═══ Listed records ═══

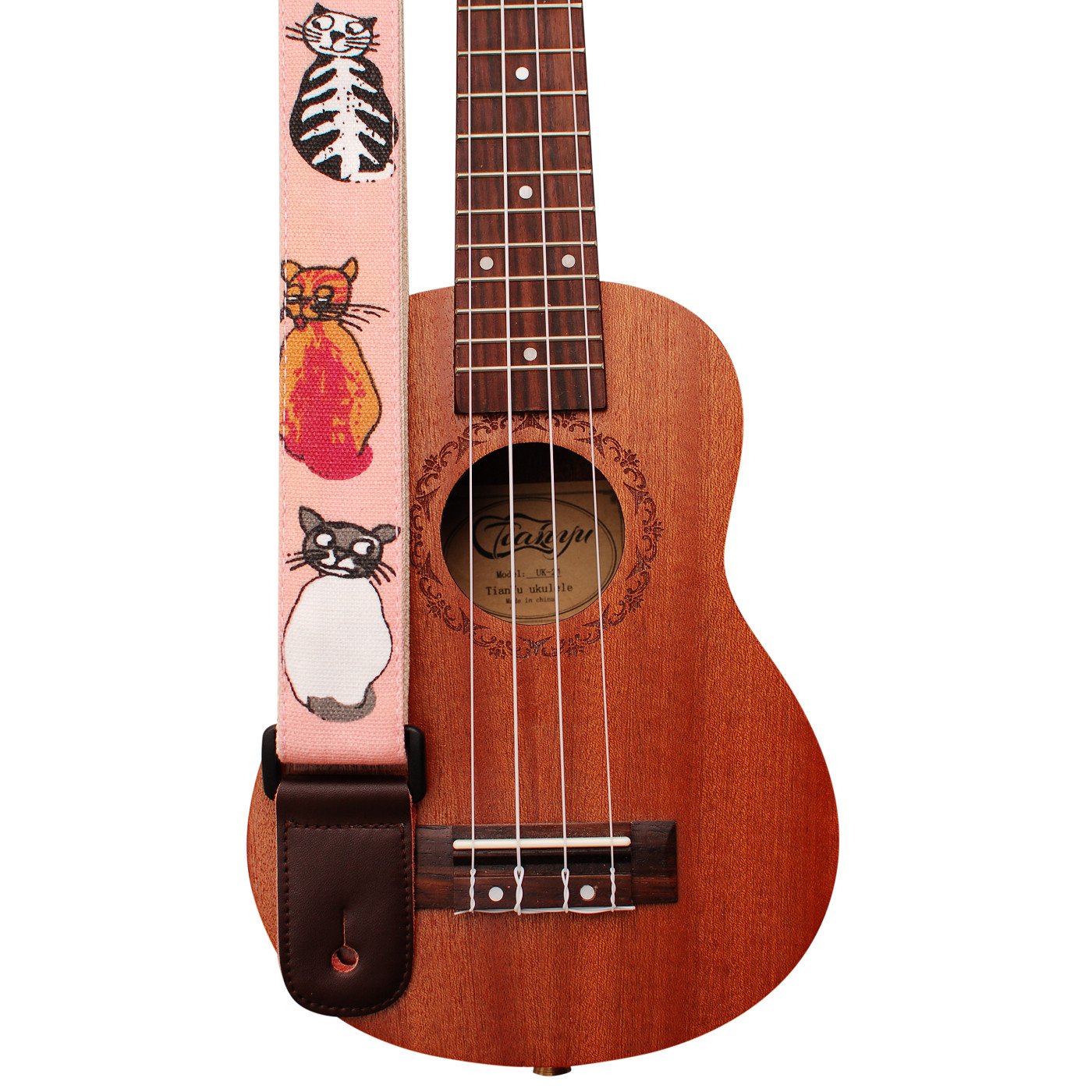 MUSIC FIRST Original Design "MISS CAT" Soft Cotton & Genuine Leather Ukulele Strap Ukulele Shoulder Strap (Miss Cat)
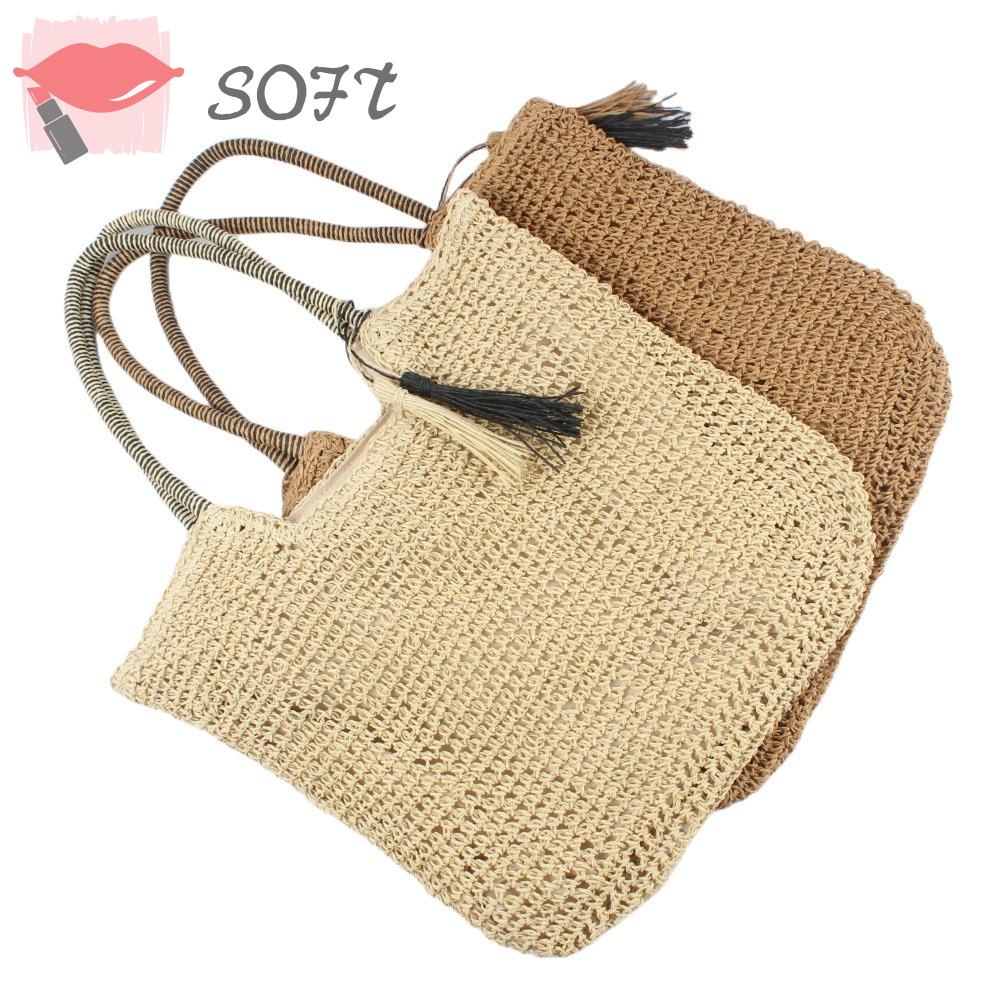 Túi Xách Dệt Kim Cỡ Lớn Phối Tua Rua Thời Trang Cho Nữ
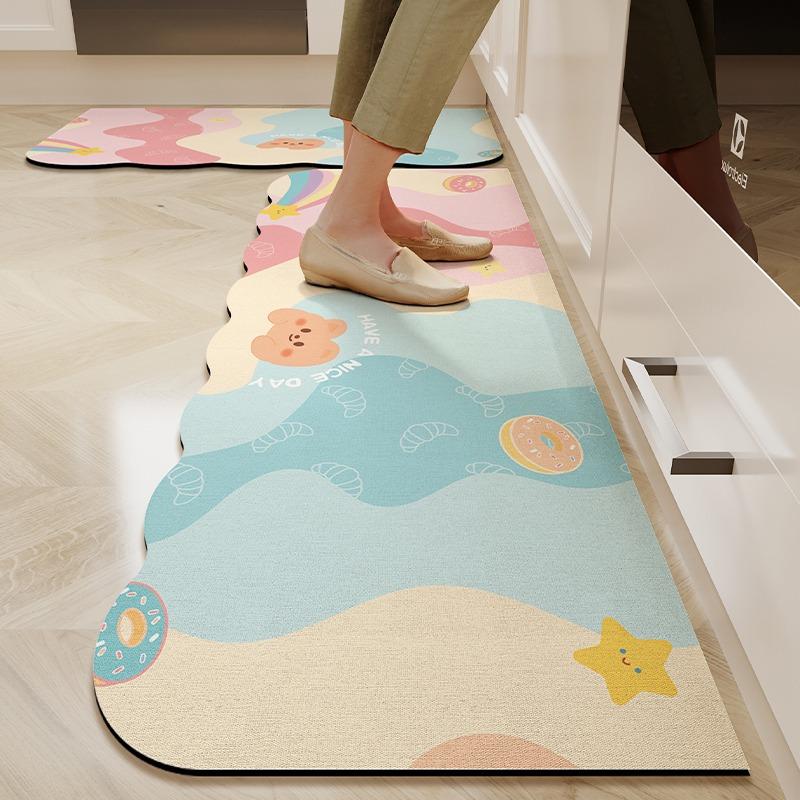 Rug for Kitchen Water-absorbing Quick-drying Oil-absorbing Floor Mat Diatom Mud Anti-slip Mats Irregular Shape Long Strip Carpet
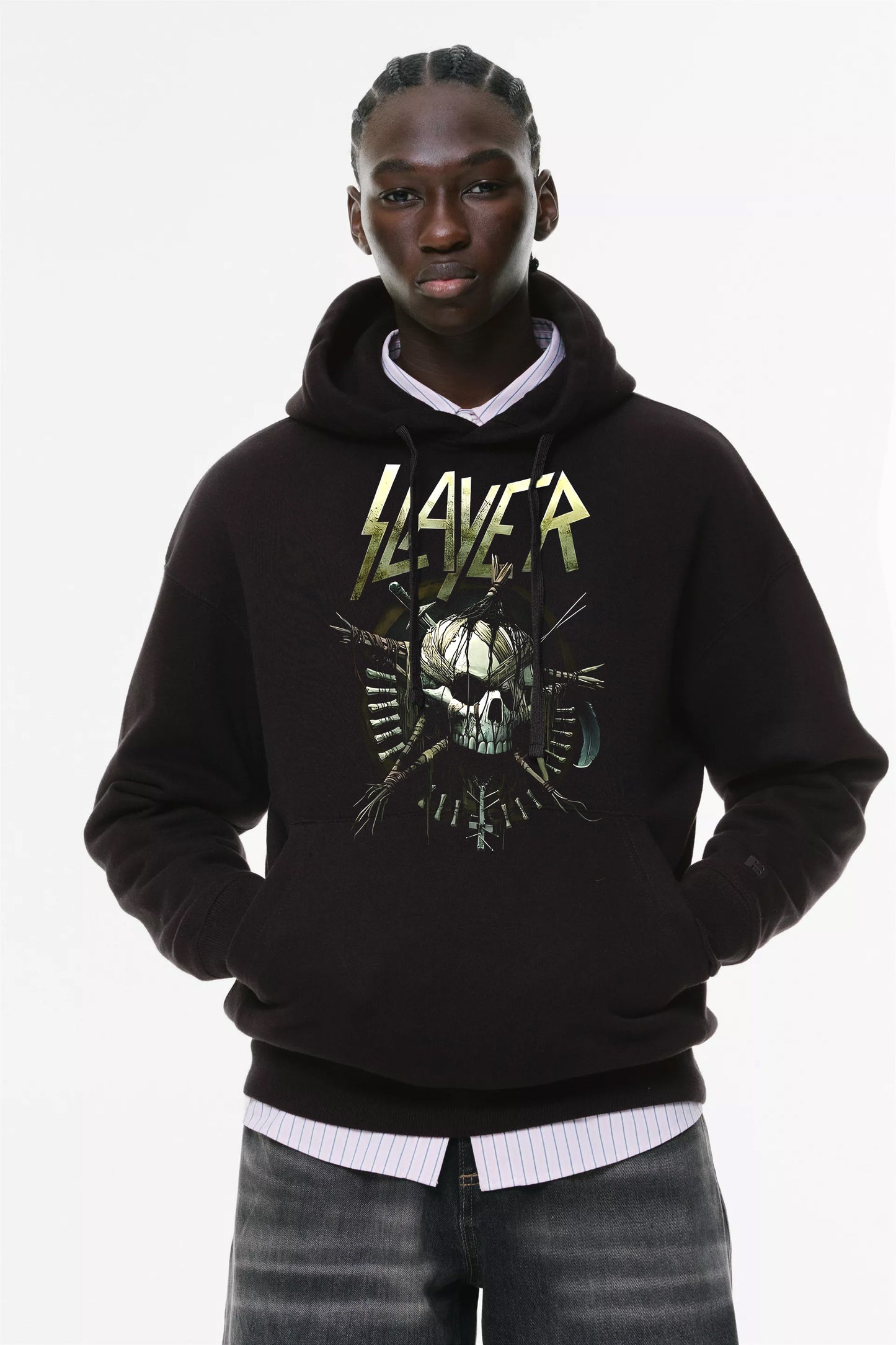 Φούτερ με κουκούλα και τσέπες Prenium ποιότητας της εταιρίας Lux in Tenebris με τύπωμα Slayer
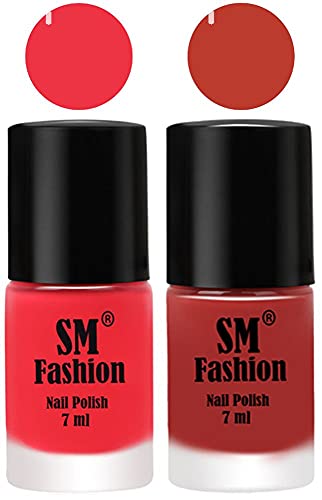 Image of Long Lasting Nail Polish | Nail Paint Combo 7 ml Each) - Set of 2 Rose Pink-Dark Peach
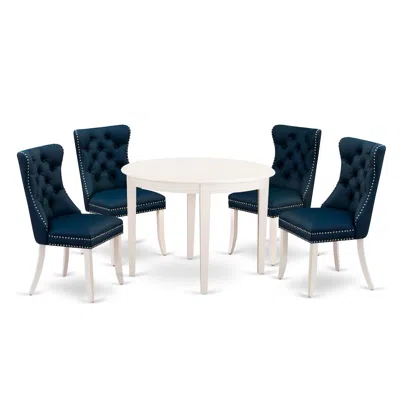 East West Furniture 5 Piece Dining Room Furniture Set Consists Of A Round Kitchen Table In Blue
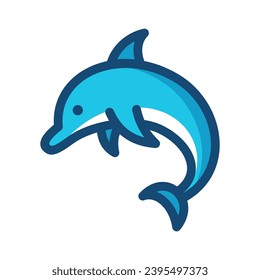 Dolphin line blue icon. Aquatic sea mammal, marine animal. Vector illustration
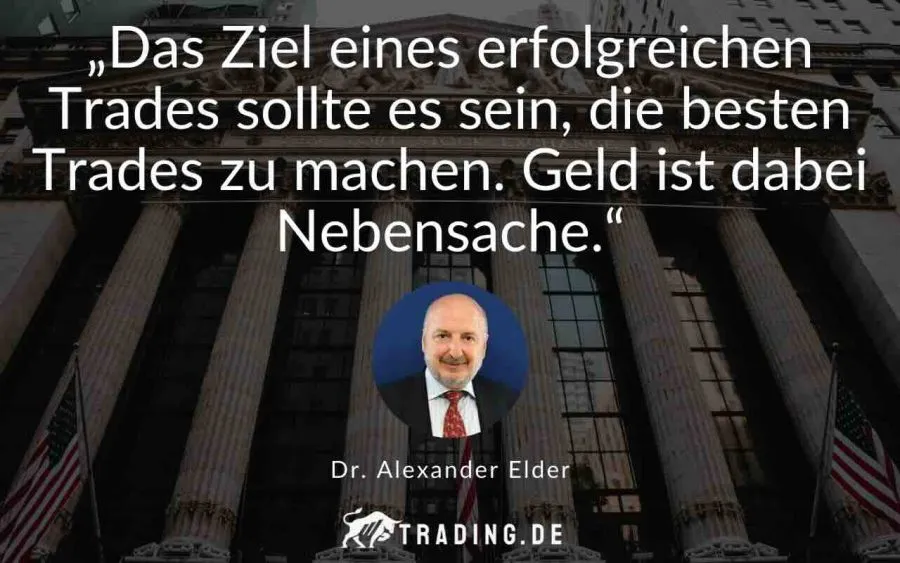 Trading Zitat Dr. Alexander Elder: „Das Ziel eines erfolgreichen Trades sollte es sein, die besten Trades zu machen. Geld ist dabei Nebensache.“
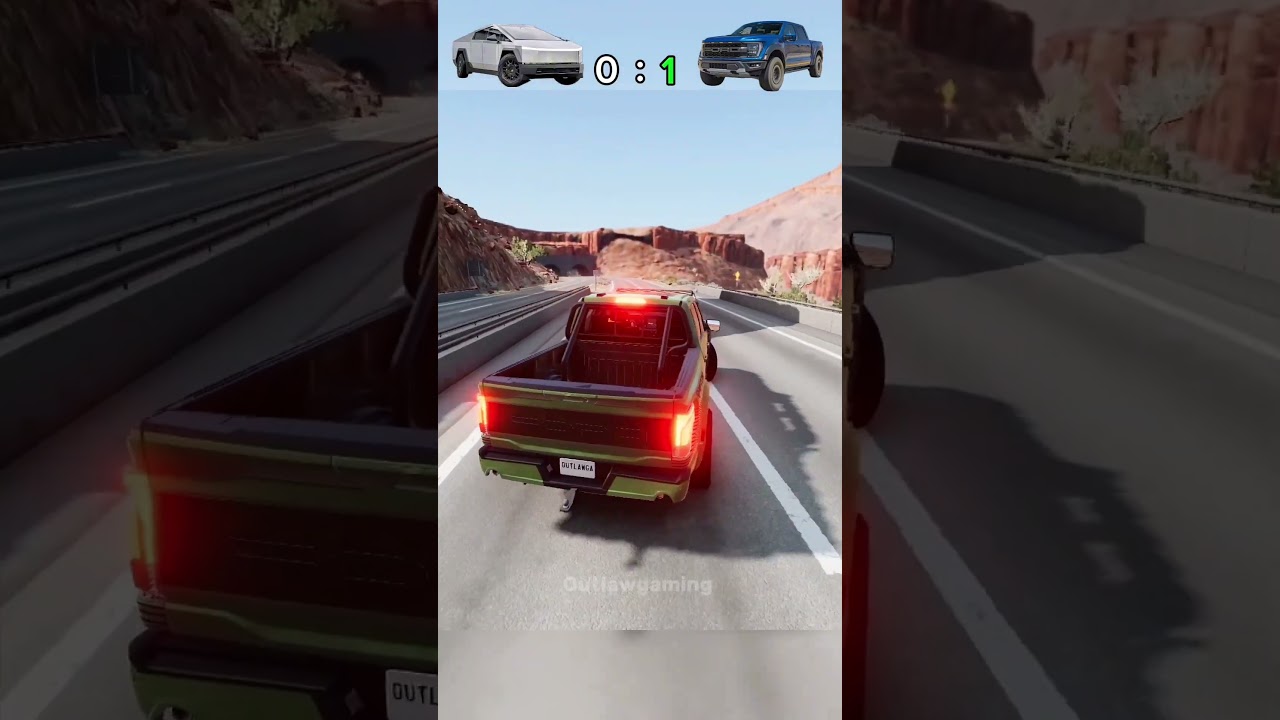 Tesla Cybertruck против Ford F150 Raptor #tesla #ford #cars
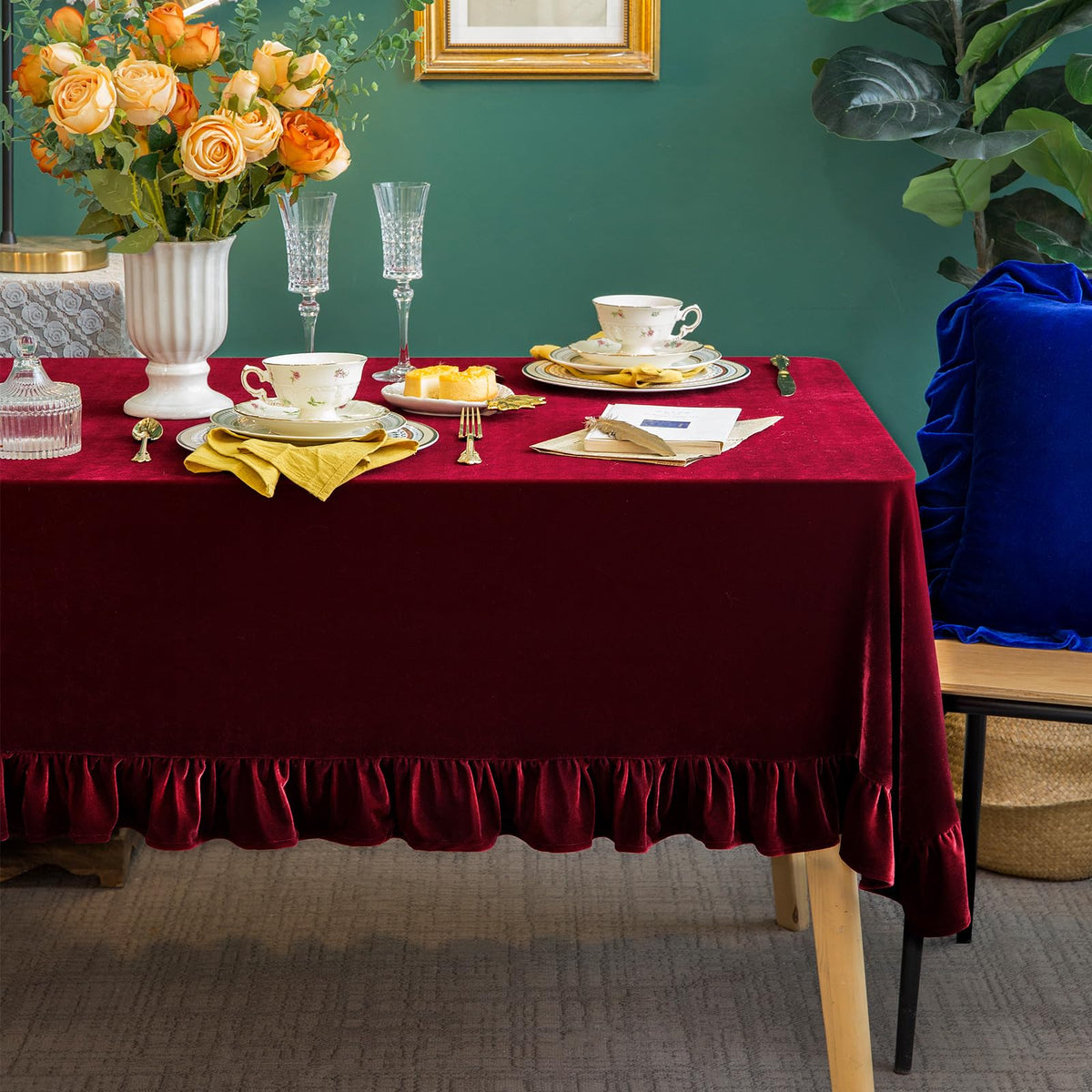 GLORY SEASON Velvet Tablecloth Luxurious Solid Rectangle Table Cloth,Oblong Retro Farmhouse Ruffle Tablecloths Washable Table Cover for Party Wedding Baby Shower Kitchen Dinning Tabletop Decoration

═══

= The problem =
Each line above has to be returned exactly. Drop the pictures.

= Result for this task =
 MUSIC FIRST Original Design "MISS CAT" Soft Cotton & Genuine Leather Ukulele Strap Ukulele Shoulder Strap (Miss Cat)
 Túi Xách Dệt Kim Cỡ Lớn Phối Tua Rua Thời Trang Cho Nữ
 Rug for Kitchen Water-absorbing Quick-drying Oil-absorbing Floor Mat Diatom Mud Anti-slip Mats Irregular Shape Long Strip Carpet
 Φούτερ με κουκούλα και τσέπες Prenium ποιότητας της εταιρίας Lux in Tenebris με τύπωμα Slayer
 Image of Long Lasting Nail Polish | Nail Paint Combo 7 ml Each) - Set of 2 Rose Pink-Dark Peach
 East West Furniture 5 Piece Dining Room Furniture Set Consists Of A Round Kitchen Table In Blue
 Dolphin line blue icon. Aquatic sea mammal, marine animal. Vector illustration
 Trading Zitat Dr. Alexander Elder: „Das Ziel eines erfolgreichen Trades sollte es sein, die besten Trades zu machen. Geld ist dabei Nebensache.“
 Tesla Cybertruck против Ford F150 Raptor #tesla #ford #cars
 GLORY SEASON Velvet Tablecloth Luxurious Solid Rectangle Table Cloth,Oblong Retro Farmhouse Ruffle Tablecloths Washable Table Cover for Party Wedding Baby Shower Kitchen Dinning Tabletop Decoration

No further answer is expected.